**What you should do:** Could you repeat the records below exactly as written?

Collection entries
__________

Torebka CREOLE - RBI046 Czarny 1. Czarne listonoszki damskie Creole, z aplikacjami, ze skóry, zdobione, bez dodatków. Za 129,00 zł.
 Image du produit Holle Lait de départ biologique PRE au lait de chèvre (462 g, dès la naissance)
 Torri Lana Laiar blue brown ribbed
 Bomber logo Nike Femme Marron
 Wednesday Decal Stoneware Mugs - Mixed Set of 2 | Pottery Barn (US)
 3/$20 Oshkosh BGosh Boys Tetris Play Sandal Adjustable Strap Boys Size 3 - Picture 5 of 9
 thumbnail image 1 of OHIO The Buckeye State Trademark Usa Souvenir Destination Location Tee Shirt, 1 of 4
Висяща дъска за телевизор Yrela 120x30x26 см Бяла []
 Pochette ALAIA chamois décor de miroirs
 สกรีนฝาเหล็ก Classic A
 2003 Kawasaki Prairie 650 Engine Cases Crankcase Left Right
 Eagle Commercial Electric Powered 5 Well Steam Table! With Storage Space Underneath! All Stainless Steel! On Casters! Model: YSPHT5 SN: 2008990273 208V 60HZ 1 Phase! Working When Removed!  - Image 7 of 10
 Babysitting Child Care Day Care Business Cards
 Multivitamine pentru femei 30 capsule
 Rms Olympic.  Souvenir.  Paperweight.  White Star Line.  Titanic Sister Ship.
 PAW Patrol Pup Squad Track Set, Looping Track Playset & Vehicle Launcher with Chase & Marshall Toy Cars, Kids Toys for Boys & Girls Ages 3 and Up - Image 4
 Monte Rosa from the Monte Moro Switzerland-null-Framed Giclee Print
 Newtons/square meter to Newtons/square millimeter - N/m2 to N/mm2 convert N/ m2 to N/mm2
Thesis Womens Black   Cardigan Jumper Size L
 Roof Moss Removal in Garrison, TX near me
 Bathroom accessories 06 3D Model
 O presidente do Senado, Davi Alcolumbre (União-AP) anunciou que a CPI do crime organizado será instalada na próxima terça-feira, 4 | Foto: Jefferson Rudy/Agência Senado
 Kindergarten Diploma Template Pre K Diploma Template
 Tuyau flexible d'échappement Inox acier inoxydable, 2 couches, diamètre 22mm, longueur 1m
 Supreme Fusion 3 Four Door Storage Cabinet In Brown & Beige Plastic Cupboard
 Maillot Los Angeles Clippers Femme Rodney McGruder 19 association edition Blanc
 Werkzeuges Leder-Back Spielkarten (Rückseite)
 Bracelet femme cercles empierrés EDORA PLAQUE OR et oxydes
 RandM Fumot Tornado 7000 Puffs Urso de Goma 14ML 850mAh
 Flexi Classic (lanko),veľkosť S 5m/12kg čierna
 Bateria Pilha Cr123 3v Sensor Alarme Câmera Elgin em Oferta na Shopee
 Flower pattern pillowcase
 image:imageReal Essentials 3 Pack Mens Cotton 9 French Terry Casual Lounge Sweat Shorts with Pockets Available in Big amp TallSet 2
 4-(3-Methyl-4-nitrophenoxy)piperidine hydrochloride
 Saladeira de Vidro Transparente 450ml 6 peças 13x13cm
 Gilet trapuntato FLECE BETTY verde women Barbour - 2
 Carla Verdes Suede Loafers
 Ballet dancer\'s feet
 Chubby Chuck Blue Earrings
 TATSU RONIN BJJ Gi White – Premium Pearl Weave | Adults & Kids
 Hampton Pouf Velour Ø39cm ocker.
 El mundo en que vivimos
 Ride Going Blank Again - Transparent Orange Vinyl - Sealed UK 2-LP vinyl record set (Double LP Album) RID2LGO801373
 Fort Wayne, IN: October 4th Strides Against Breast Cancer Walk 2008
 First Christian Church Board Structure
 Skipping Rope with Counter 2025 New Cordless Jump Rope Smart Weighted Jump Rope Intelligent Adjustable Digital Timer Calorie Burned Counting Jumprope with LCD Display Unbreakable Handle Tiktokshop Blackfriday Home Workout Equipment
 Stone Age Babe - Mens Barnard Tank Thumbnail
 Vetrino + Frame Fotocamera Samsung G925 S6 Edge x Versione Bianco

__________

**Response box:**
Torebka CREOLE - RBI046 Czarny 1. Czarne listonoszki damskie Creole, z aplikacjami, ze skóry, zdobione, bez dodatków. Za 129,00 zł.
 Image du produit Holle Lait de départ biologique PRE au lait de chèvre (462 g, dès la naissance)
 Torri Lana Laiar blue brown ribbed
 Bomber logo Nike Femme Marron
 Wednesday Decal Stoneware Mugs - Mixed Set of 2 | Pottery Barn (US)
 3/$20 Oshkosh BGosh Boys Tetris Play Sandal Adjustable Strap Boys Size 3 - Picture 5 of 9
 thumbnail image 1 of OHIO The Buckeye State Trademark Usa Souvenir Destination Location Tee Shirt, 1 of 4
Висяща дъска за телевизор Yrela 120x30x26 см Бяла []
 Pochette ALAIA chamois décor de miroirs
 สกรีนฝาเหล็ก Classic A
 2003 Kawasaki Prairie 650 Engine Cases Crankcase Left Right
 Eagle Commercial Electric Powered 5 Well Steam Table! With Storage Space Underneath! All Stainless Steel! On Casters! Model: YSPHT5 SN: 2008990273 208V 60HZ 1 Phase! Working When Removed!  - Image 7 of 10
 Babysitting Child Care Day Care Business Cards
 Multivitamine pentru femei 30 capsule
 Rms Olympic.  Souvenir.  Paperweight.  White Star Line.  Titanic Sister Ship.
 PAW Patrol Pup Squad Track Set, Looping Track Playset & Vehicle Launcher with Chase & Marshall Toy Cars, Kids Toys for Boys & Girls Ages 3 and Up - Image 4
 Monte Rosa from the Monte Moro Switzerland-null-Framed Giclee Print
 Newtons/square meter to Newtons/square millimeter - N/m2 to N/mm2 convert N/ m2 to N/mm2
Thesis Womens Black   Cardigan Jumper Size L
 Roof Moss Removal in Garrison, TX near me
 Bathroom accessories 06 3D Model
 O presidente do Senado, Davi Alcolumbre (União-AP) anunciou que a CPI do crime organizado será instalada na próxima terça-feira, 4 | Foto: Jefferson Rudy/Agência Senado
 Kindergarten Diploma Template Pre K Diploma Template
 Tuyau flexible d'échappement Inox acier inoxydable, 2 couches, diamètre 22mm, longueur 1m
 Supreme Fusion 3 Four Door Storage Cabinet In Brown & Beige Plastic Cupboard
 Maillot Los Angeles Clippers Femme Rodney McGruder 19 association edition Blanc
 Werkzeuges Leder-Back Spielkarten (Rückseite)
 Bracelet femme cercles empierrés EDORA PLAQUE OR et oxydes
 RandM Fumot Tornado 7000 Puffs Urso de Goma 14ML 850mAh
 Flexi Classic (lanko),veľkosť S 5m/12kg čierna
 Bateria Pilha Cr123 3v Sensor Alarme Câmera Elgin em Oferta na Shopee
 Flower pattern pillowcase
 image:imageReal Essentials 3 Pack Mens Cotton 9 French Terry Casual Lounge Sweat Shorts with Pockets Available in Big amp TallSet 2
 4-(3-Methyl-4-nitrophenoxy)piperidine hydrochloride
 Saladeira de Vidro Transparente 450ml 6 peças 13x13cm
 Gilet trapuntato FLECE BETTY verde women Barbour - 2
 Carla Verdes Suede Loafers
 Ballet dancer\'s feet
 Chubby Chuck Blue Earrings
 TATSU RONIN BJJ Gi White – Premium Pearl Weave | Adults & Kids
 Hampton Pouf Velour Ø39cm ocker.
 El mundo en que vivimos
 Ride Going Blank Again - Transparent Orange Vinyl - Sealed UK 2-LP vinyl record set (Double LP Album) RID2LGO801373
 Fort Wayne, IN: October 4th Strides Against Breast Cancer Walk 2008
 First Christian Church Board Structure
 Skipping Rope with Counter 2025 New Cordless Jump Rope Smart Weighted Jump Rope Intelligent Adjustable Digital Timer Calorie Burned Counting Jumprope with LCD Display Unbreakable Handle Tiktokshop Blackfriday Home Workout Equipment
 Stone Age Babe - Mens Barnard Tank Thumbnail
 Vetrino + Frame Fotocamera Samsung G925 S6 Edge x Versione Bianco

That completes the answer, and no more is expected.